Problem description >>
Return the stretch from the line with "UNFILO 五月女 コーディネート画像" through the line with "NORTHWOOD ADD - Residential" in the data below, character for character, skipping all pictures.

Data extract >>
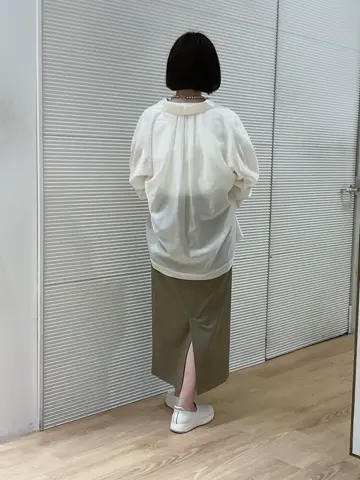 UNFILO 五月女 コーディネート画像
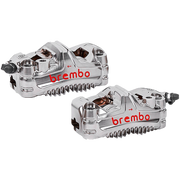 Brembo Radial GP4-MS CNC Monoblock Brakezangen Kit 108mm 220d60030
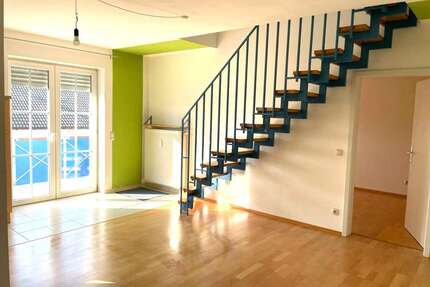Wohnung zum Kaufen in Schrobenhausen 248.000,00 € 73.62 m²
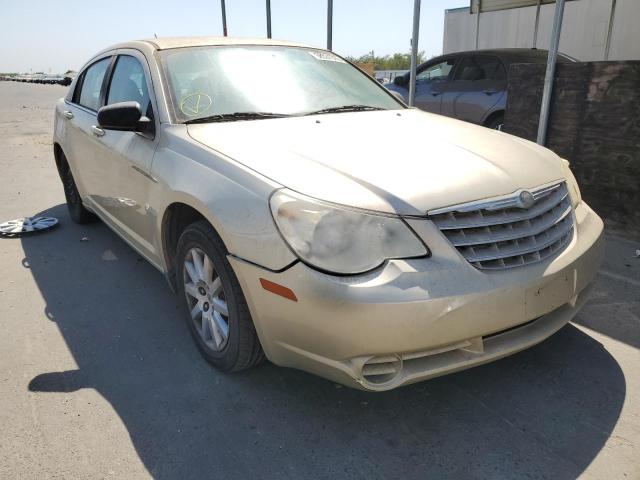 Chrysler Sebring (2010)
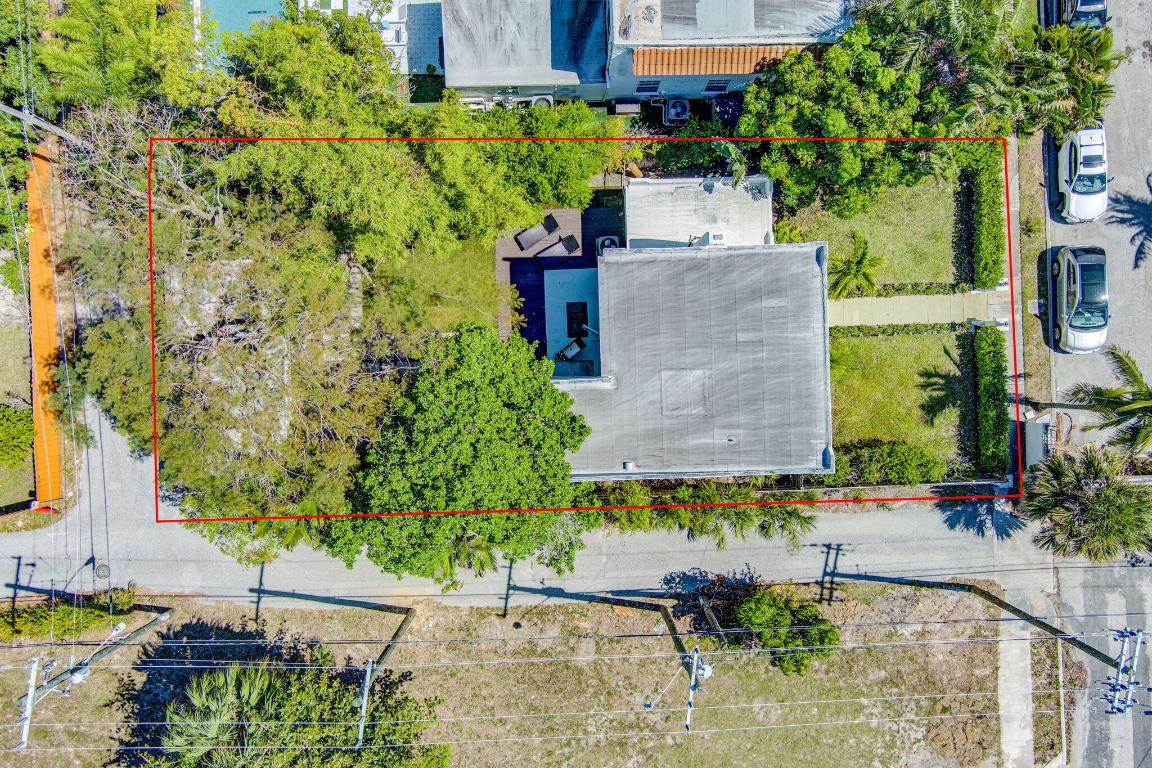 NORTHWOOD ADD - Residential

---

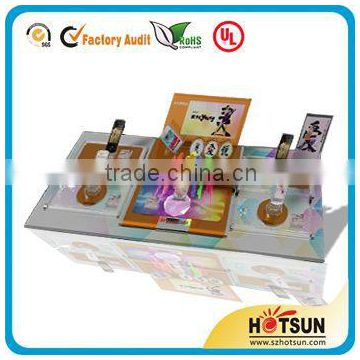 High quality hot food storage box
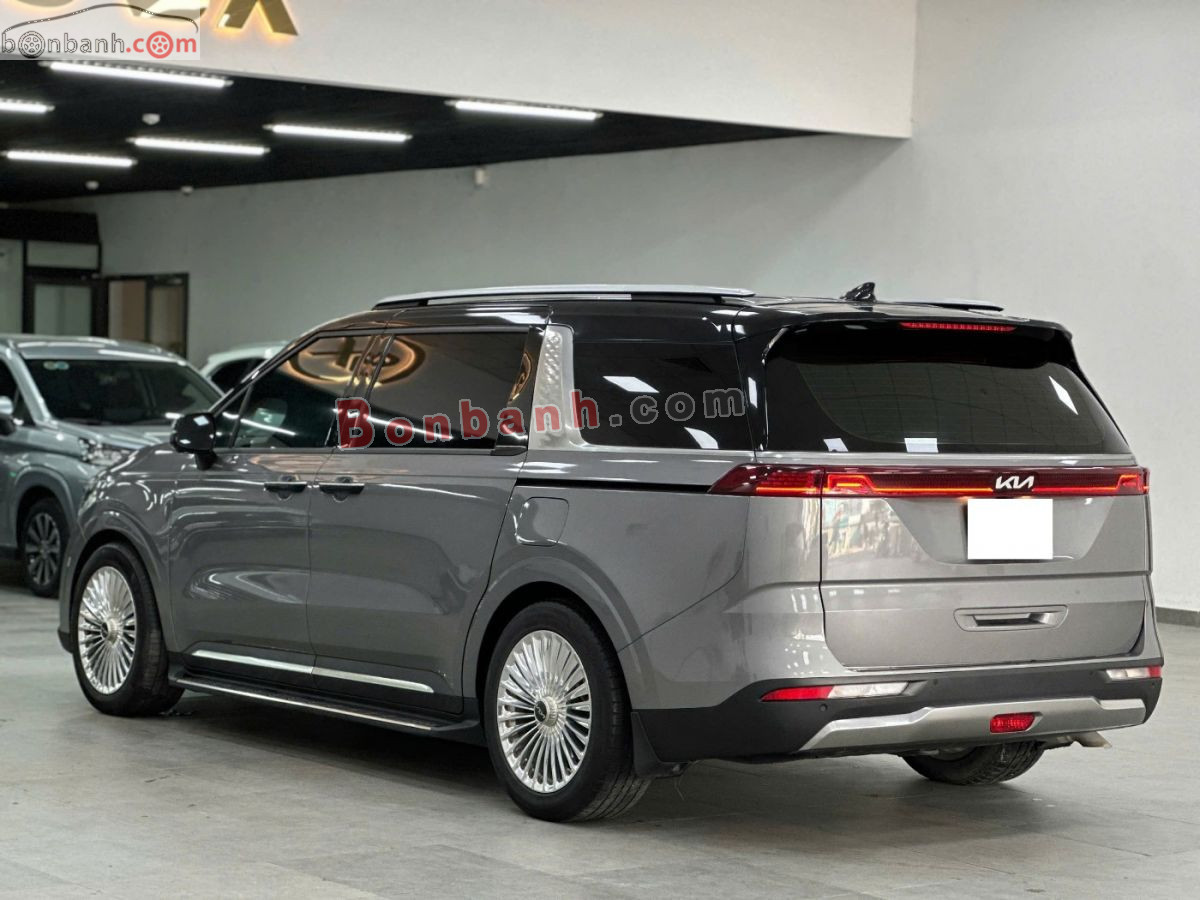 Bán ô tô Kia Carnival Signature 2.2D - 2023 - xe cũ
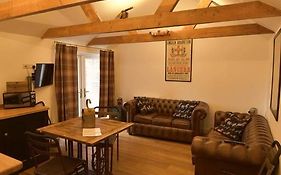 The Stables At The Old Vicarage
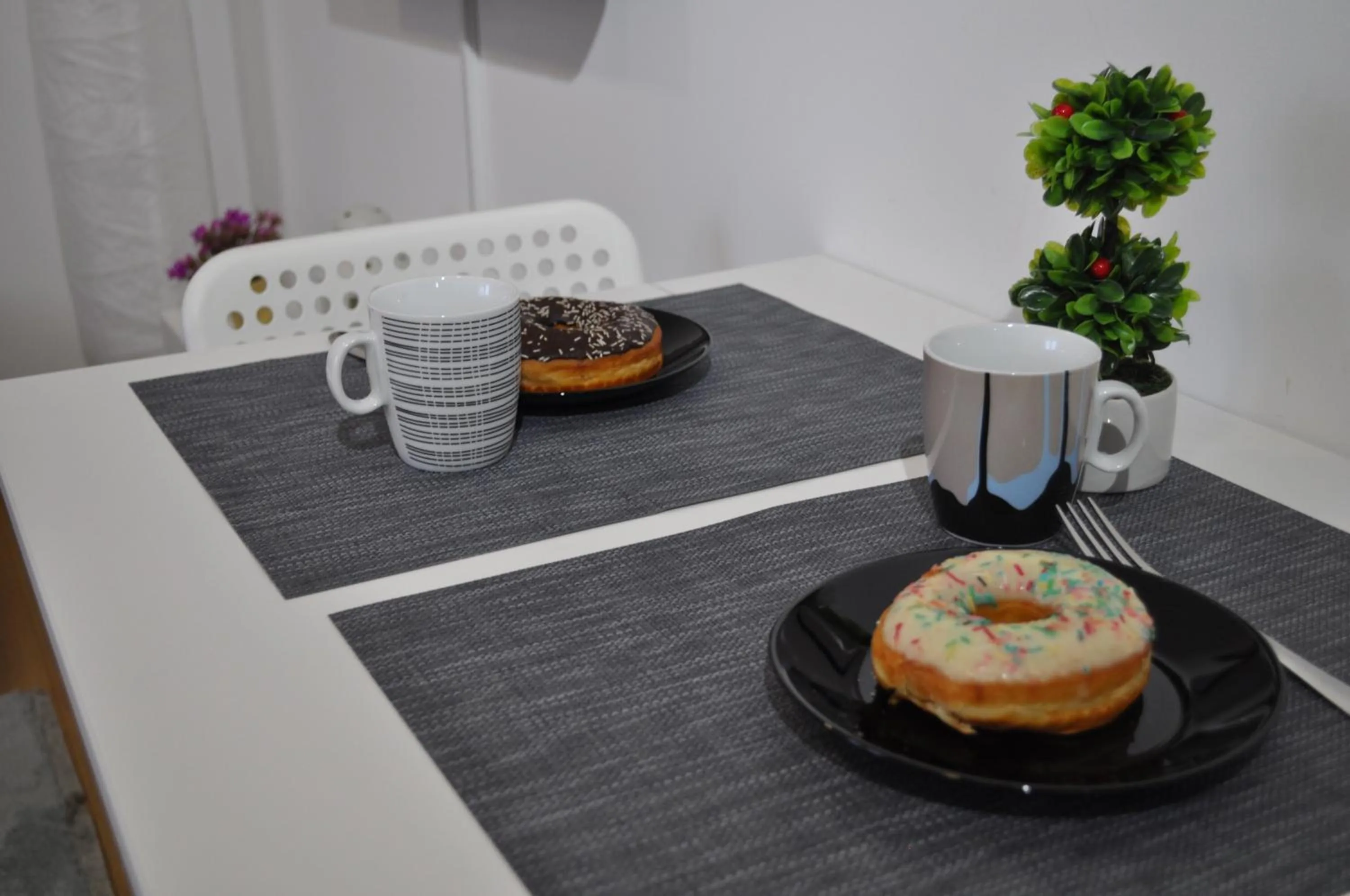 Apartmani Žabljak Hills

Answer below >>
 UNFILO 五月女 コーディネート画像
 Brembo Radial GP4-MS CNC Monoblock Brakezangen Kit 108mm 220d60030
Wohnung zum Kaufen in Schrobenhausen 248.000,00 € 73.62 m²
 Chrysler Sebring (2010)
 NORTHWOOD ADD - Residential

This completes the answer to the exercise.